Passengers using the UK’s busiest railway station suffered disruption on Friday, despite the opening of three new platforms last month as track problems saw a single platform taken out of use.
However, the incident could result in a windfall for operator South Western Railway (SWR), which took part in the decision to cut services.
SWR said on Friday morning that as a result of a problem with a set of points in the London Waterloo area which meant that trains are unable to access platform 1, ‘we have had to cancel a number of trains in the morning peak period.’
SWR announced on Twitter at around 11am that the problem had cleared.
Last month, Network Rail, which manages the station, announced that it had re-opened three platforms (pictured) at the former Eurostar terminal, which closed in 2007, with two more platforms to open this year.
Network Rail’s Railway Upgrade Plan states that the improvements at Waterloo, including the new platforms, will provide ‘reduced risk of delays and cancellations’.

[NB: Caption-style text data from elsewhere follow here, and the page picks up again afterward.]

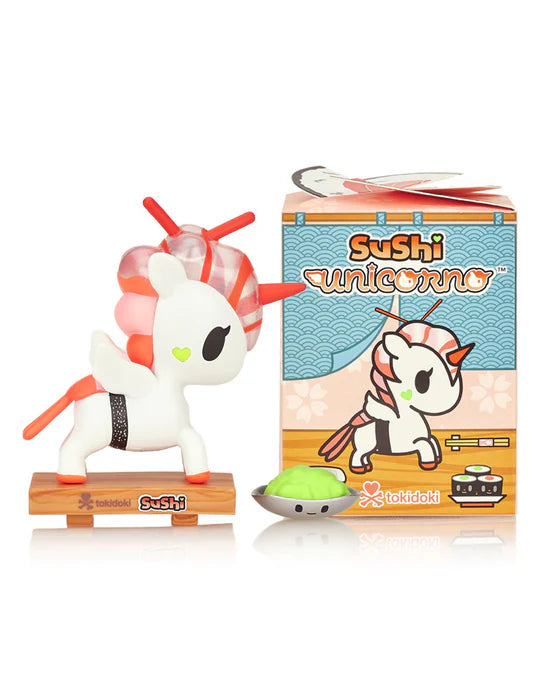 Tokidoki Unicorno Sushi Series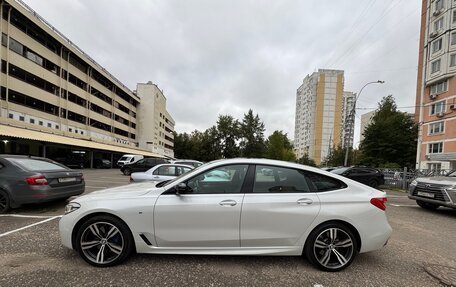 BMW 6 серия, 2018 год, 4 750 000 рублей, 8 фотография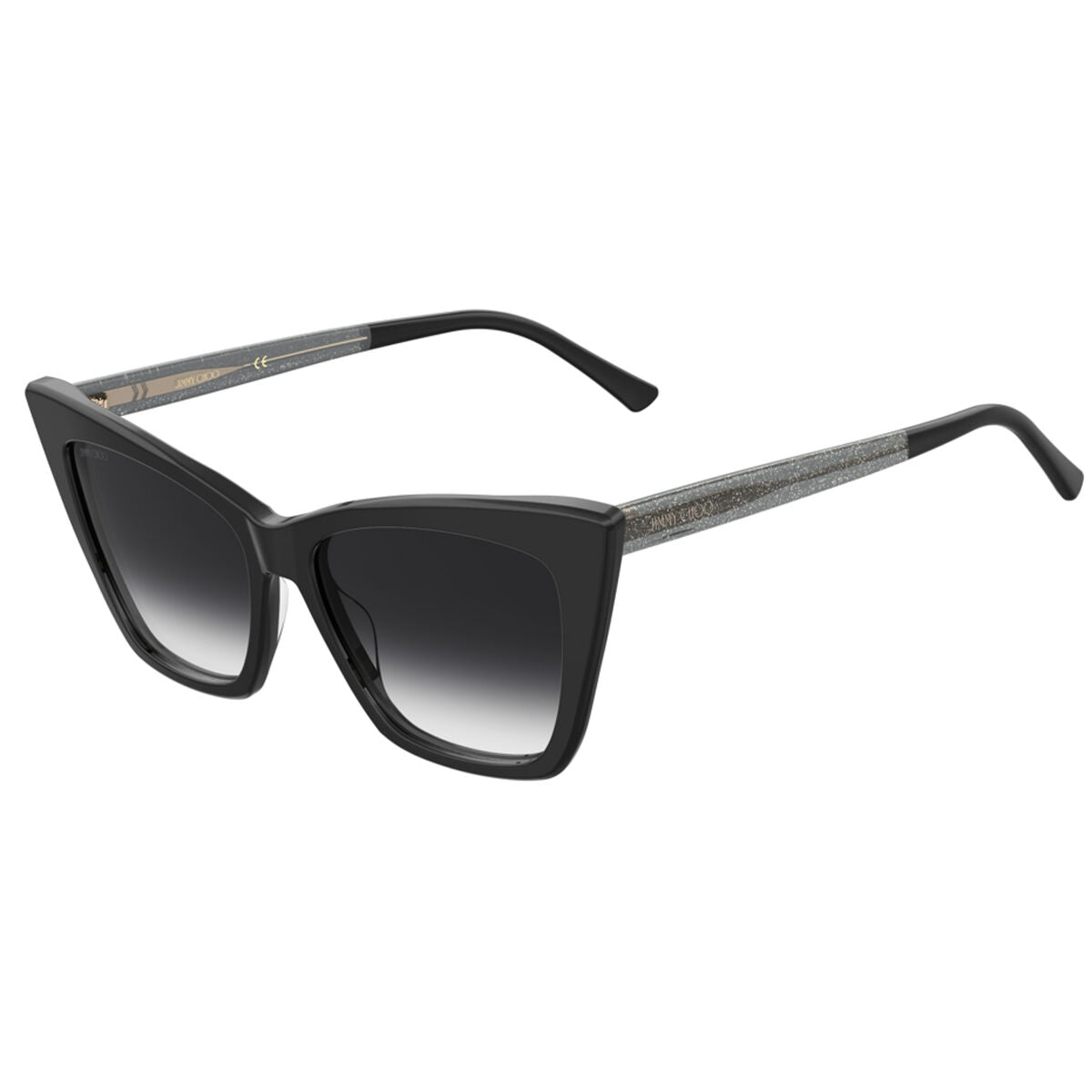 0827886016747 - Sonnenbrille - Lucine S - in black - Sonnenbrille für Damen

Network Rail told Transport Network that the decision to cancel services despite the additional capacity was taken jointly by it and SWR.

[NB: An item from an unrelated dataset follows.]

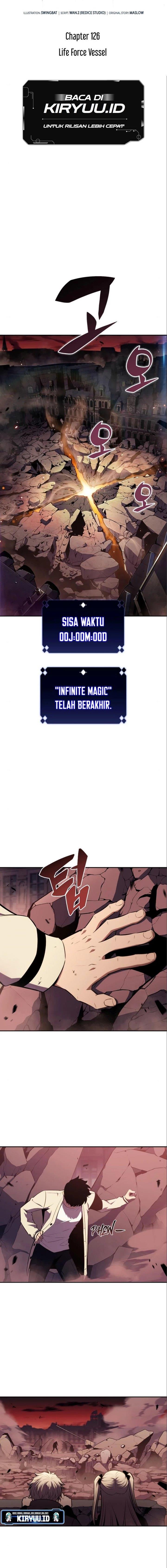 Solo Max-Level Newbie Chap 126 - Next Chap 127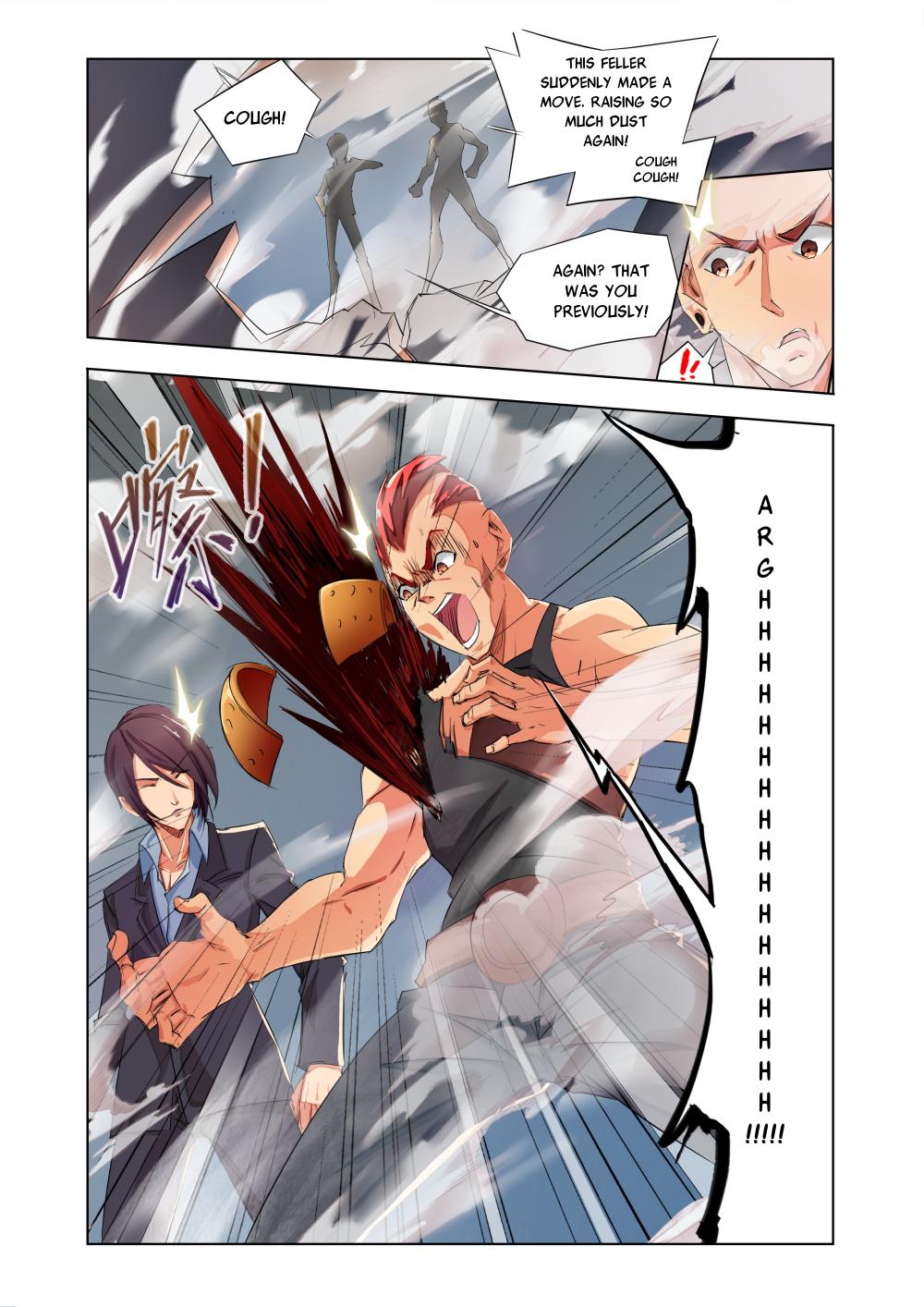 Deception Ch. 1 第9页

A spokesperson said: 'Following a points failure, which closed platform one at Waterloo station ahead of the morning peak on 4 January, our control centre made the decision to spread the service across other platforms at the station.
'This allowed us to restore normal service by 10.30am that day. Our engineers then worked overnight to replace the points and bring the platform back into use for the start of service on 5 January.
'Moving the entire service from platform one into the Waterloo International Terminal would have cut across all other lines and caused more disruption for our passengers.'
Network Rail acknowledged that the incident fell under the Schedule 8 compensation scheme, under which it compensates train operators for unplanned service disruption that it has caused. Research has shown that Schedule 8 payments can often greatly exceed compensation payments to passengers, leading to accusations that rail firms make a profit from disruption.
Last month regulator the Office of Rail and Road announced that Waterloo was the busiest station in Britain for the 15th consecutive year, despite the total number of passenger entries and exits falling by five million to 94.4 million.